鳥取県岩美郡岩美町岩常の広域農道沿いにある高野坂古墳公園みは30基程の古墳や横穴墓が点在しています。岩美町岩常、県道37号線からパラダイスパークの広域農道西に進むと、高野坂古墳公園の標識がでてきます。
石垣に囲まれており、古墳の周りは少し歩くことができ、通常は鍵がしまっていますが岩美町役場の許可を取って中まで入ることができましたので写真を掲載します。
昭和60年から平成2年の広域農道整備により調査をしたところ、貴重な研究資料になると判断されましたが、広域農道整備の関係で、そのまま保存することができず、高野坂10号墳が50mほど北西にあった位置から現在地に移築されました。
1975年(昭和50年)8月11日には家形石棺が町の史跡に指定され、10号墳出土銅製壺鐙・帯金具は町の保護文化財に指定されました。壺鐙は昭和62年7月15日に発掘され、帯金具は昭和62年6月から12月にかけて石室内で出土された8点です。
またこの周辺には古墳だけでなく上ミツエ遺跡や上太夫谷遺跡、二上城跡など、岩美町の祖先の暮らし・歴史を遺しています。
高野坂古墳は鳥取県岩美郡岩美町岩常の二上山に点在していますが、登山もひそかに人気で二上山にはかつて二上城もありました。山頂から望む浦富海岸や岩美の集落もご覧ください。
また土器などは岩美町中央公民館に展示されていますので興味のある方は併せてお立ち寄りください。
刳り抜き式(丸太を縦に半分に割って内側を刳り抜き、両端に小口板をはめ込んだ木棺を石で置き換えた石棺の一種)の家形石棺(古墳時代後期の石棺の一種。 長い箱形の石棺に屋根状の蓋がある)です。
また石室の床からは希少な銅製の壺鐙(つぼあぶみ)が発見されました。壺鐙は馬具(唐様の鞍具)の鐙の一種で壺を横にしてそこにつま先を入れ乗りやすいようにするものです。自転車のペダルのつま先カバー付きみたいな見た目?だとわかりやすいでしょうか…。
2023年現在36基の存在が確認されており、出土品・遺構の内容は質・規模ともに因幡を代表される後期古墳群とされています。

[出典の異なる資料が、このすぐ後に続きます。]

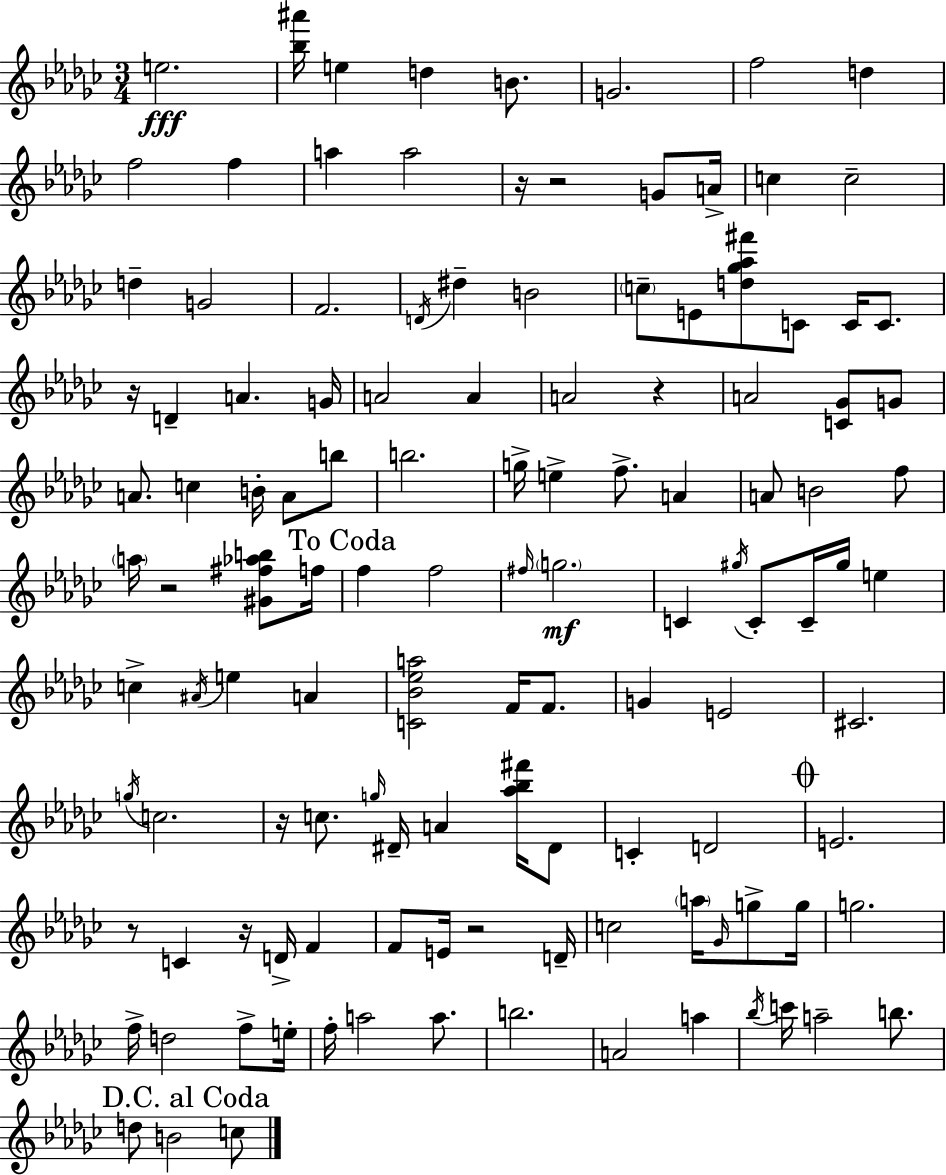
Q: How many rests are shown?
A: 9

出土土器から、6世紀中頃から8世紀にかけて長期間古墳が造られ、その変遷が追えるとのことで、盗掘されているものの、10号古墳から埋葬施設や残された副葬品からみても古墳群の盟主的存在であるそうです。
藪をかき分け、石室の天井部分が無くなった9号墳を真上から石室・石棺を覗いたり、また7号墳では石棺は失われていますがこうもりのいる石室に入ることができました。
また、5号墳は、鳥取市の布施運動公園に移築復元されていますが、石室の天井石は31トンという巨大なものです。(その天井石を吊り上げるために、3倍の90トン用の巨大のクレーン車を使ったとのこと。)